# [SOLVED] WOW Problem and shutdown



## Vasporran (May 29, 2011)

Not sure if this should be here or in the hardware section, but anyway here is the problem i'm having.

My PC shuts down after about 20 - 30 minutes (i havent measured it exactly) of playing on WOW (World of Warcraft). 

When I say shuts down I mean really dies. A complete power failure, everything goes dead.

I need to press the power switch to switch it on again. When it re-boots it does not give me the unsafe shutdown screen, there are no options to restart in safe mode as you would expect.

It just starts up again as normal.

Strange thing is this only happens when playing on WOW, no other software or activity on the computer causes this to happen.

I can leave it on all night and day and this never happens, but as soon as i start playing wow, wham power failure and then normal start when i press the power button.

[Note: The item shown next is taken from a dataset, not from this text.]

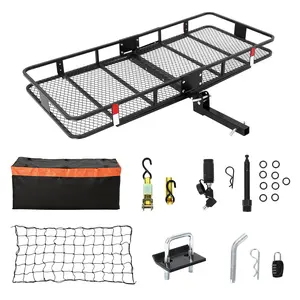70" x 30" Hitch Cargo Carrier, 500 Lbs Heavy Duty Folding Cargo Basket for 2" Receiver, Carbon Steel Rear Hitch Mount Rack with Reflectors, Stabilizer, Ratchet Straps & Locks for SUV Truck Pickup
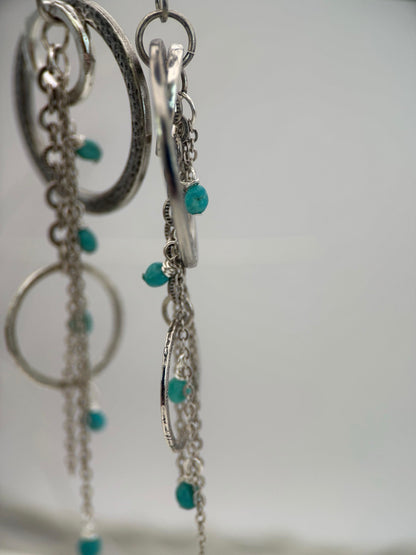 Kingman Turquoise Chain Statement Earrings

I've never known a piece of software to have this effect and up until about a week ago everything was fine. I havn't changed anything or loaded anything new WOW related or not.

Somebody please help me. I will speak to Blizzard as well, but I need to know if anyone has any idea what this is as it is a complete mystery to me.

The only thing that has changed is the fans which used to be defeaningly loud are now very quite. Am I looking at WOW causing some sort of overheating and shut down because the fans are not working? Seems a strange thing for only one piece of software to be causing if this in fact the case. 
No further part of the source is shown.